Just off Grand Avenue, an African woman carries a bundled baby on her back, a purple cloth pressing up into her hair. A half-pigeon, half-dove with pink and blue-green wings flies above. Just a few feet to the left, an activist steps forward, bangled, purple fist slicing the air triumphantly. The Quinnipiac River bridge beckons behind her.
Still and yet pulsing with life, these are the scenes that now greet passersby where the old Strong School building sits between Perkins Street and Clinton Avenue. There a new wraparound mural looks out onto the street, boasting bright, interlocking designs related to the surrounding area while the building itself sits vacant, awaiting news on a proposed renovation into an apartment complex.
After securing funding earlier this summer, a group of Fair Haven organizers, activists, friends and families came out Saturday and Sunday to work on the mural, designed by artist Emilio Herrera Corichi. Originally from Puebla, Mexico, Corichi said he sees the mural as a step in bringing the neighborhood closer together.
“This is a project for all who exist in this neighborhood,” he said in Spanish Saturday, watching as a group of 20 grabbed bright paint and brushes, and began filling in his designs. “It presents the unity of the neighborhood, and has all the cultures and tastes of the neighborhood.”
To include those cultures and tastes, Corichi worked closely with Fair Haveners Sarah Miller, Fatima Rojas, and Beth Pellegrino, who wanted to show off the diversity of the neighborhood — a quarter of the city that includes not only Latino families, but African immigrants, black activists and artists, Jews, Muslims, and Indians.
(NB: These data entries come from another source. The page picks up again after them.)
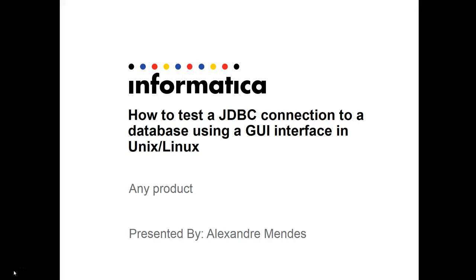Hello everyone, my name is Alexander Mendes and today I'm going to show you how to do a JDBC connection test to a database using a graphical user interface in Linux Unix environment. These steps are not related to any Informatica specific product, they're useful for any product.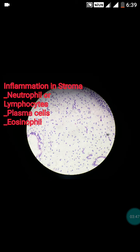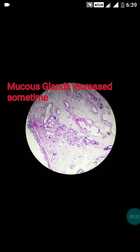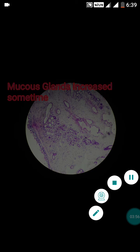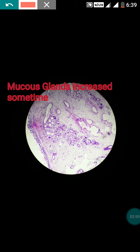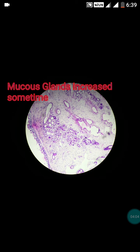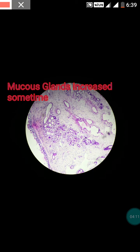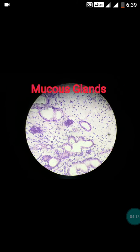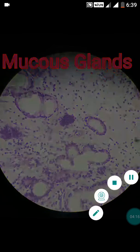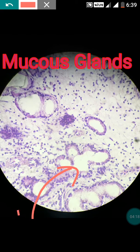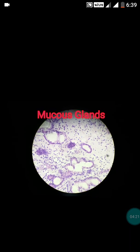Sometimes eosinophils can be present in high numbers, and such a polyp is called an allergic polyp. The third characteristic feature of the polyp is an increased number of mucus glands — there can be hyperplasia of the mucus glands. In the high power view you can see the mucus glands with hypertrophy.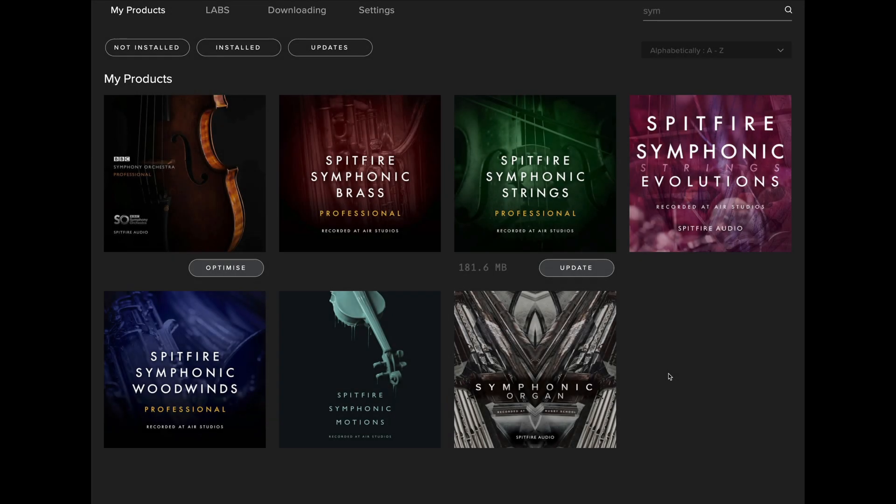In this tutorial I'll discuss how to install our new SSO Professional Pack if you already own the SSO library, and I'll also discuss how to install the update.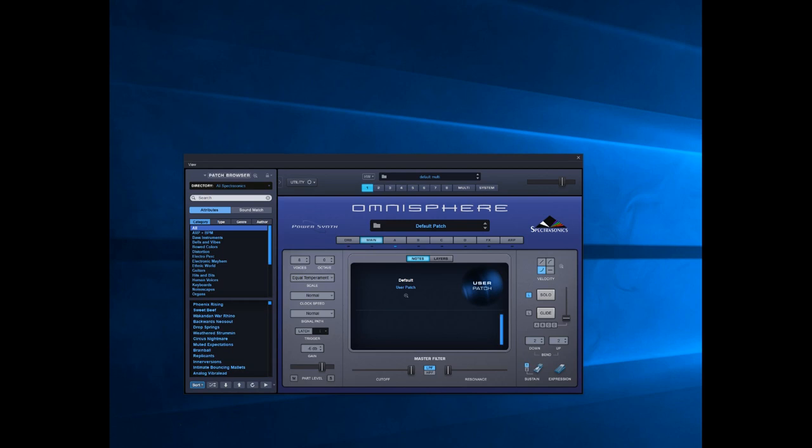This time we're going to look at compound time signatures. What do we mean by compound time signatures here? We're looking at things like 6/8, 12/8, and this one is going to be predominantly 6/8.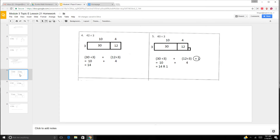They want you to solve these problems using the area model and check with either the distributive model or long division. For the first two, we're going to use the distributive model. So 42 divided by 3: we could do 30 plus 12. 30 divided by 3 is 10, and 12 divided by 3 is 4. So in parentheses: 30 divided by 3 plus 12 divided by 3. 30 divided by 3 is 10, plus 12 divided by 3 is 4. So 10 plus 4 is 14 — that is our answer.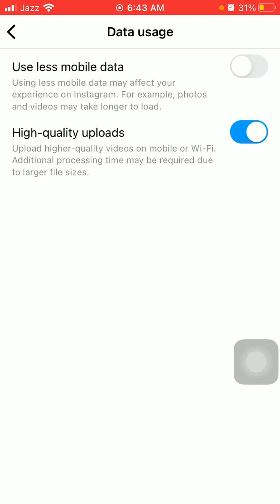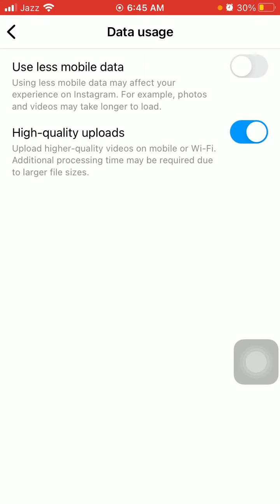Here you have two options: Use Less Mobile Data and the second one is High Quality Uploads. By default this option is disabled and we have to enable this option to upload high quality post videos without compression and without losing data.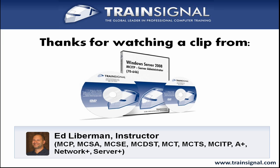Thanks for watching. For more information about our full video course, please visit our website at www.trainsignal.com.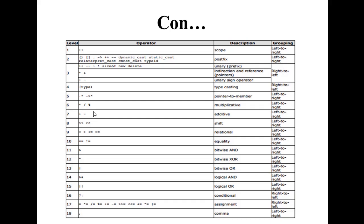C++ continuous loop types. Please like and share this video. Welcome — subscribe to the channel.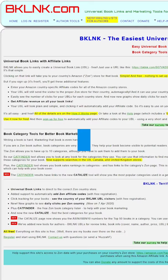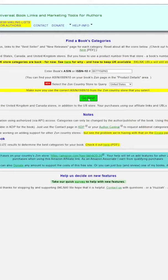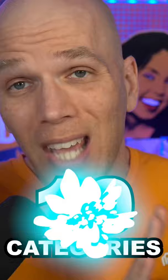But if we go over to bklnk.com, we end up selecting the author tools and category finder. We copy and paste the ASIN of that book and hit go find. You'll find all the relevant categories to that associated book. And then you can place a request with KDP for up to 10 categories per ebook and print book with that information that you have.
A part of the city alive with wildlife, religion, and succulent food, from Peruvian to pizza.
Channeling a rich history of Mexican muralism, Corichi committed the sentiments to paper with blocky, flowing shapes. As black-and-white designs made it from paper to the sides of the school last week, community members jumped into the painting stage, inviting friends and family members to get involved over the weekend.
”With so much discussion around what this building is going to be, this is kind of a positive political statement,” said Tony Pelligrino, who moved to a multifamily home on Perkins Street with his wife Beth seven years ago. As he spoke, he filled in a spill of yellow over a woman’s head. “That we care about what happens to this building. That the neighborhood is concerned. Not just concerned, but involved.”
”I always like to support community efforts, but this project has a deeper meaning for me because I come from a culture of murals,” said Rojas, watching as volunteers filled in a treble clef with red, brown, orange and turquoise paint on the side of the building. The Tower of Pisa leaned accordingly beside it. A shamrock floated below. “They have the ability to project diversity and unity.”
“Fair Haven needs a cultural center,” she added. “Can you imagine this, with art, theater, music and dance? I feel that in doing this mural, we can present what this neighborhood can be.”
She pointed out her favorite part of the mural — a figure Corichi intended specifically to be an African mother, carrying a child on her back. Miller said that the figure had started as a man, but discussions with the artist had led to making her a woman.
As Rojas air-traced the contours of the woman’s face with one finger, citizens-turned-muralists Pete DiGennaro and Isaac Montiel traded stories on why they’d gotten involved with the project. A resident of Newhallville, DiGennaro had seen an event titled “¡Vamos a Pintar!” on social media and been interested in the project’s local, justice-driven focus.
“This kind of art directly opposes oppressive power,” he said. “It’s direct experience … it builds community. As soon as you’re witnessing a piece of art, you’re a participant.”
Monteil, who is also Rojas’s cousin, said he wanted to get away from the clamor of New York City, where he is a student in computer information technology. But it also reminded him of a mural project he’d done with Mixteca, a Brooklyn nonprofit helping new immigrants.
Five panels down, Rojas’s 10-year-old daughter Ambar was carefully filling in a bright Catrina — a grinning, hat-toting skull — consulting every so often with volunteer Lior Trestman on whether a spot of yellow should adorn another part of the panel.
“It makes me feel creative and it makes me feel like people who don’t have the chance to participate — they have the time to express what the culture is,” Ambar said. “My parents are Mexican, and I know a lot about Mexican culture. I love bright colors. A hat like this is bright colors — and the colors show love.”
The $2,000 project received $918 from the city’s anti-blight Livable City Initiative in June, through its Neighborhood Public Improvement Program. Individual donors stepped in to provide the remainder.
That included $1,000 from Fair Haven Pharmacy owner Chandra Jakka, whose business has operated across the street for two years. Watching the mural’s progress on Saturday afternoon, he said that he was excited for the bright images to breathe new life into the vacant building.
“This is wonderful,” he said. “It is going to bring a lot of awareness to the building and what they are trying to do. Lee [Cruz] and Sarah [Miller] are contributing so much to the community … it’s going to unite all the people in the community.”
“Being in the community is not just about making money,” he added. “It’s also what you give back.”